Sayyid Bahauddin Naqsabandi atau Syah Naqsaband (1317 – 1389 M) merupakan Waliyullah dan sufi besar dari Bukhara (Uzbekhistan). Ia merupakan pendiri Tarekat Naqsyabandiyah. Sebuah tarekat yang memiliki pengaruh besar dalam gerakan tasawuf dunia.
Baca Juga: Biografi Sayyid Abul Hasan Syadzili, Seri Wali Quthub Pendiri Thoriqoh Mu’tabaroh (6)
Sayyid Bahauddin juga dikenal dengan nama Syah Naqsaband. Tarekat yang ia dirikan, Naqsabandiyah, kelak memiliki banyak pengikut di seluruh dunia Islam, dan terus berkembang hingga kini. Pesan inti ajaran Naqsabandiyah adalah pentingnya praksis zikir dalam mencapai kedekatan dengan Allah.
Biografi Sayyid Bahauddin
Beliau memiliki nama lengkap Maulana As-Sayyid Bahauddin al-Husaini al-Uwaisi al-Bukhari. Nasabnya bersambung pada Kanjeng Nabi Muhammad SAW melalui cucunya, yaitu Sayidina Husein bin Ali. Ia lahir di Qasrel Arifan, Bukhara, Asia Tengah pada 1317 M. Beliau wafat pada 1389 M di tanah kelahirannya.
Sayyid Bahauddin belajar pada banyak guru. Di antara guru-guru yang sangat mempengaruhinya adalah; Khawaja Al Ghuzdawani (w. 1179 M), Sidi Baba As-Samasi (w. 1354 M), dan Sayyid Amir Kullal (w. 1371 M). Tiga guru itulah, yang kelak sangat mempengaruhi kebesarannya sebagai seorang Wali.

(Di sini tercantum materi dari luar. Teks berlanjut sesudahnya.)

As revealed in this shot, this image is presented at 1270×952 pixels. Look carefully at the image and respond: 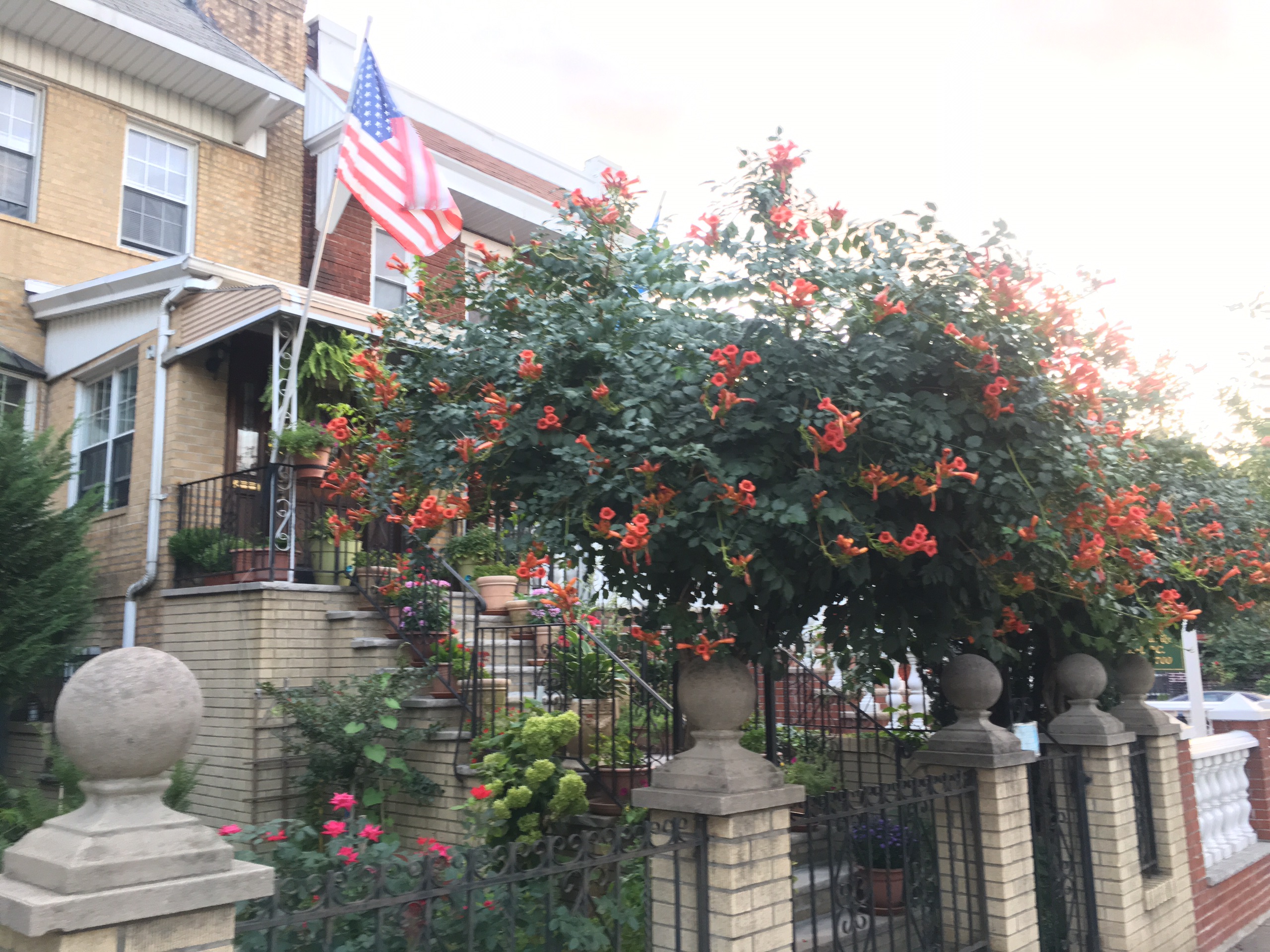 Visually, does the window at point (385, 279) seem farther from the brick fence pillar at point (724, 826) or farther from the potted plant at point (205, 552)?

Sayyid Bahauddin memang tak sezaman dengan Khawaja Abdul Kholiq Ghuzdawani. Masa hidupnya pun jauh ratusan tahun. Namun, melalui Khawaja Al-Ghuzdawani, Sayyid Bahauddin mendapat tarbiyah (pendidikan) secara ruhani, bil madad ar-Ruhil A’zham.

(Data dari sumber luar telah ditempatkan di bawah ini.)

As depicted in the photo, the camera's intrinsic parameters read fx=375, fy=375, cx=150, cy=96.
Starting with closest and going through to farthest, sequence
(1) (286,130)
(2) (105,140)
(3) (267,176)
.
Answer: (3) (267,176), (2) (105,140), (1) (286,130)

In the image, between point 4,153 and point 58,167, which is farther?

Sementara dengan Sidi Baba As-Samasi dan Sayyid Amir Kullal, Sayyid Bahauddin mengalami masa hidup yang sezaman, hanya beda usia. Ketika ia mendapat tarbiyah batin dari Khawaja al-Ghuzdawani, ia juga memperoleh tarbiyah ruhiyah di alam dhahir dari Sidi Baba Samasi dan Sayyid Amir Kullal.

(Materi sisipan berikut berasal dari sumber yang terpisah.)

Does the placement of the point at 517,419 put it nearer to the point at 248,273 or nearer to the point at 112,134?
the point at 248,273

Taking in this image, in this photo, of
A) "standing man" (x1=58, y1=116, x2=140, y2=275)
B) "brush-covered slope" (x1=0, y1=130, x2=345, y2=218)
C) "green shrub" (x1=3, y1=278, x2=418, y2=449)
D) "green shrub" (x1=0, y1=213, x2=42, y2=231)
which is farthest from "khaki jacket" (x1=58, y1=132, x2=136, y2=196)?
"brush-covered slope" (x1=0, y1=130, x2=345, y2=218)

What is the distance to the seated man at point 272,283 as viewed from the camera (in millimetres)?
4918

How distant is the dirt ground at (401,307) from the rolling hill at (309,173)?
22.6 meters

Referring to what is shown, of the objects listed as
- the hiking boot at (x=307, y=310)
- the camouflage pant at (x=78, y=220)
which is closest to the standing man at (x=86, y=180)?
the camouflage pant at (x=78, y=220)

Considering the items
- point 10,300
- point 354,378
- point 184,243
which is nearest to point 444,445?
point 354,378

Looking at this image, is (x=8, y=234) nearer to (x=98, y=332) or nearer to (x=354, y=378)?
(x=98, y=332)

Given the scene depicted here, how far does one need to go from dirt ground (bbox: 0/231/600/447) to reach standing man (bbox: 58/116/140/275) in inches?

Dari proses tarbiyahnya itu, kelak Sayyid Naqsabandi menambah azas yang telah diletakkan Khawaja Ghuzdawani dalam Tarekat Khawajagan (cikal bakal Tarekat Naqsabandiyah). Azas yang semula 8, ditambah 3 azas lagi, yaitu: wuquf-izamani, wuquf-i adadi, wuquf-iqalbi. Sejak saat itu, Tarekat Khawajagan dikenal dengan Naqsyabandiyah.
Tarekat Naqsyabandiyah termasuk tarekat yang menganjurkan keterlibatan dalam pembangunan spiritual, kaitannya dengan pembangunan mental bernegara. Banyak guru-guru mereka, seperti diteladankan Sayyid Naqsyabandi sendiri, dikenal dekat, hingga memberi pengaruh yang besar, terhadap para penguasa.
Meski dikenal dekat dengan penguasa dan memiliki pengaruh besar terhadap mereka, Sayyid Naqsabandi tetap mengambil jarak terhadap kalangan bangsawan. Sayyid Naqsabandi hidup secara sederhana dari hasil kepemilikan sepetak tanah yang dikerjakan orang lain. Suatu ketika ia ditanya, mengapa tak memiliki hamba (budak), ia menjawab: “Rasa memiliki tidak mungkin bersatu dengan kewalian.” ucap Sayyid Naqsabandi.
Karya Sayyid Naqsabandi
Meski masyhur Wali dengan banyak karomah, Sayyid Naqsabandi juga meninggalkan karya ilmiah berupa risalah berjudul: al-Aurad al-Baha’iyah. Risalah ini diberi syarah oleh para muridnya dan diberi judul Manbaul Asrar; Tanbihul Ghafilin, Sulukul Anwar, hingga Hidayatus Salikin wa Tuhfatuth Thalibin.
Murid-murid Sayyid Naqsabandi
Sayyid Bahauddin Naqsabandi memiliki banyak sekali murid. Namun, yang sangat terkenal ada tiga orang, yakni: Khawaja Ala’udin Athar, Khawaja Ya’qub al-Jarkhi, dan Khawaja Muhammad Parsa. Tiga ulama tersebut menjadi rantai silsilah penting dalam transmisi sanad Tarekat Naqsyabandiyah di dunia islam.